DeepTalk is a deep-learning based vocal style transfer model developed by A. Chowdhury, A. Ross, and P. David, at Michigan State University. The model requires a reference audio from a target speaker and a sample text to synthesize speech audio that mimics the vocal identity of the target speaker uttering the sample text.

Downloading the DeepTalk code

Clone the git repository

git clone git@github.com:ChowdhuryAnurag/DeepTalk-Deployment.git

Now you should have a folder named 'DeepTalk-Deployment'
Go into the folder 'DeepTalk-Deployment'

cd DeepTalk-Deployment

Please contact the maintainer of this repository at [chowdh51@msu.edu] for access to the pretrained DeepTalk models. Unzip 'trained_models.zip' (received separately from the maintainer) into this folder

unzip trained_models.zip

Now you should have a folder named 'trained_models' with several pretrained models in it
The Generic model is primarily used as a starting point for fine-tuning with speech data from a target speaker.

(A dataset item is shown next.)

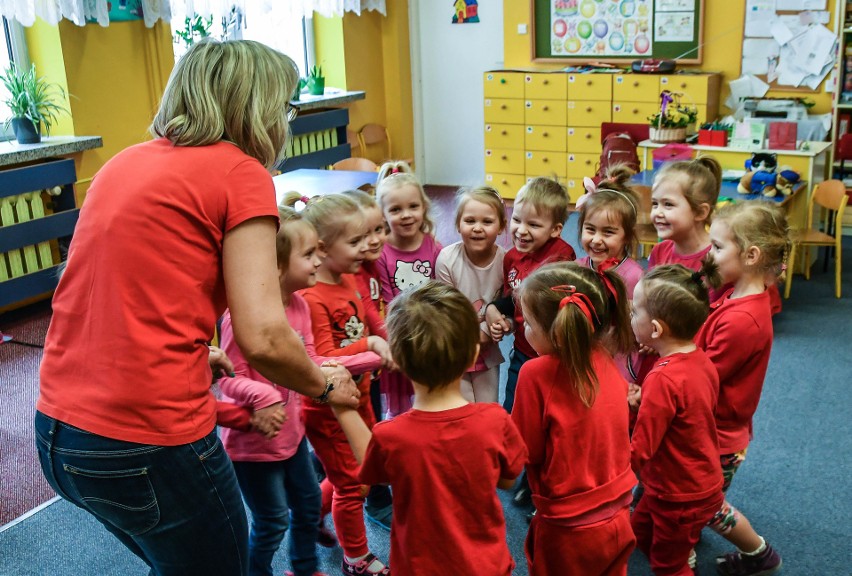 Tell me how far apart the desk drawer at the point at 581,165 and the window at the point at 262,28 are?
7.77 ft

The other models (Hannah, Ted, and Gordon Smith) are some sample finetuned models based on speech data from internal sources.
The Generic model is trained on the LibriSpeech and VoxCeleb 1 and 2 datasets.

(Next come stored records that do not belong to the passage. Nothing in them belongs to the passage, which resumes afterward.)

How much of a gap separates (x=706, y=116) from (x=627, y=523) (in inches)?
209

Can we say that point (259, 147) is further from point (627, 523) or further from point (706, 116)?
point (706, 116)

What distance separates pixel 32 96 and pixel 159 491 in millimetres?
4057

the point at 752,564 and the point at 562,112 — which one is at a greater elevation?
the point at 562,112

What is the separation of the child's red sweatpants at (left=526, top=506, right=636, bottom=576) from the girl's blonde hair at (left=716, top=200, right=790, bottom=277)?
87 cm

Setting up the python environment for running the DeepTalk code

The model was implemented in PyTorch 1.3.1 and tensorflow 1.14 using Python 3.6.8 and may be compatible with different versions of PyTorch, tensorflow, and Python, but it has not been tested. (The GPU versions of pytorch and tensorflow is recommended for faster training and inference)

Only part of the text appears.